Friday, February 20, 2015

Lent 1



Lent l (Mark 1:9-15) “He was tempted….”
Temptation comes to all. Temptation is the invitation to make choices from the place of separation from God.
There are three sources of temptation: the world, the flesh and the devil. The world is the surrounding culture. Culture is a set of inherited customs and values. The culture of First Century Israel was religious, legalistic, xenophobic and tribal. That was the default set of values and customs people at that time and place lived by.
The culture of 21st America is secular, self-indulgent, prideful, materialistic and individualistic. That culture forms the default values and customs for those of us who were born and raised in the United States.
A default set of values and customs has the power of being self-evident. We grow to believe “this is just the way the world is” and “this is just who I am in this world.” If we live by the defaults of our culture we no longer respond to God, the world and other people as they are. We react from the demand that they should be a certain way.
The long history of the Bible is how God invites people to question these assumptions about life. Moses issued a set of values and standards everyone agreed to follow and then ignored. The prophets called people to remember the standards and to repent of how they ignored the standards or rebelled against the standards.
Jesus grew up in the context of what the prophets described as a stiff necked and rebellious society. The people did not make choices in union with God. They made choices from the values of their customs and traditions. The two are not necessarily the same. Jesus came to observe very early in his life on earth that what we say, what we believe and what we do are frequently inconsistent. Not only are we inconsistent in our thoughts, words and deeds we also ignore or resist God’s principles for life.
During Lent it is important to hear the word of God with new ears. It is important move into a fresh understanding of what God revealed through Moses and the prophets. It is important to see Jesus for who he is and not for who we want him to be in our secular, materialistic, self- indulgent culture.
The flesh refers to our desires. More specially, when the Bible speaks of the flesh as a source of temptation it refers to the distortion of our desires. Human desire is good. Human desire is also distorted by the pain of original sin we all inherit as human beings.
And so the desire for food is good. The distortion of that appetite to obsess with the quantity of food or unhealthy food like substances creates short term and long term problems. The same pattern holds true for all of our desires from the desire for love to the desire for self-preservation. The flesh tempts us to follow the distortions into short term immediate self-gratification at the expense of long term pain and suffering.
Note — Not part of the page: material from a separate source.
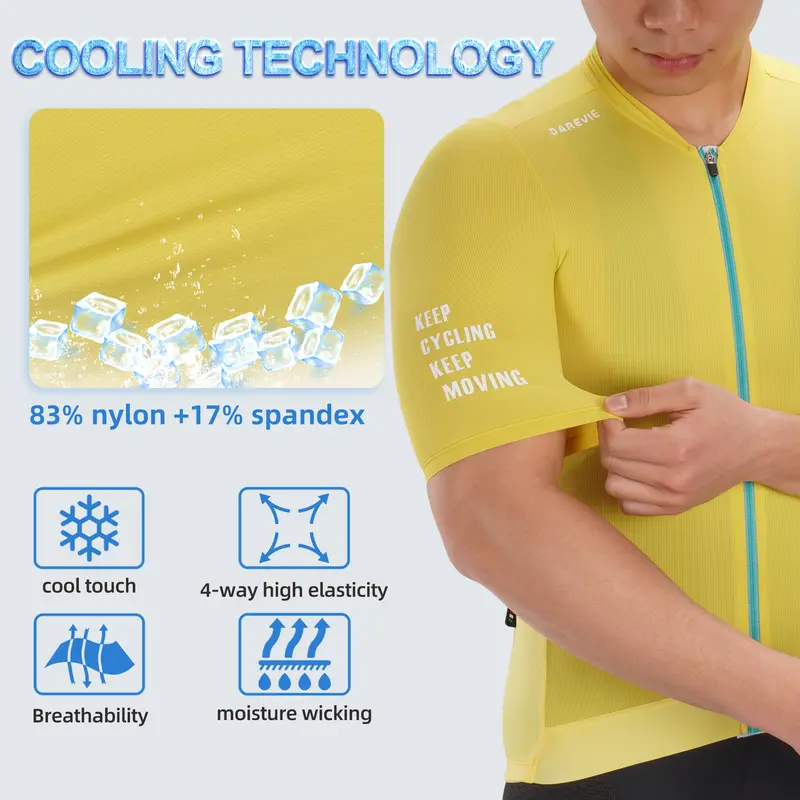 DAREVIE Man Cycling Maillot Cool Technology Cycling Jersey Man Women Breathable Quick Dry Cycling Clothes for Men Small Size - Image 3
The third source of temptation is the devil, Satan. Most of us will never encounter the personal presence of Satan. He is a fallen Seraph class angel who through pride sees himself as equal and opposite to God. We as a species are beneath contempt for Satan. Nevertheless, Satan knows that God loves us and Satan hates what God loves.
Satan works in the world through deceit. The more carefully crafted the deceit the more effective it is to keep human beings lost in separation from God. If Satan cannot keep us from accepting our Heavenly Father’s Plan of salvation in Jesus Christ, his default strategy is to keep us frustrated, confused and in a state of conflict.
Satan tempted Jesus by offering him a set of problems and a set of solutions. The solutions all involved making a choice from the place of separation, which is to say original sin. Jesus did not commit actual sin and indeed could not commit actual sin because he did not inherit Original Sin. Jesus is the original pattern of human nature before Adam and Eve chose separation.
Within his own being Jesus is the unification of human nature and divine nature. In that union Jesus made all choices from the place of the divine nature. That place is universal and unconditional love. Jesus never had to ask himself: what’s in it for me? Jesus always prayed: Heavenly Father, not my will but Thy will be done. The source of that prayer is the sacred heart of Jesus - human love set free in the vast ocean of divine love.
This is the model for us to meet the temptations of the world culture, the appetites of the flesh and the subtle deceits of Satan. It is not just enough to have the Law of God written in a book. We must also ask the Holy Spirit to write the laws in our hearts.
Our goal during lent is to identify how the world, the flesh and the devil use the distortions in our mind, heart and will to choose sin. Once we do that, our next step is to ask for the divine grace to repent. When we repent we simply affirm that we agree with God in the matters of sin and virtue. We accept God’s definitions of reality. And then, we ask the Holy Spirt to help us make better choices.
Be assured, that sometimes this will mean contradicting what our culture expects. Sometimes this may seem like giving up a desire for a perceived benefit in order to enjoy a greater good. And, at all times this process requires a courageous commitment to truth to counteract Satan’s clever and subtle deceits.
Jesus was tempted yet never sinned. He live in union with Divine love.
We can overcome the temptation to sin and the pattern of sin we inherit as we make a real choice to enter daily into the Real Presence of God the Father, through a personal relationship with God the Son, by the indwelling of God the Holy Spirit.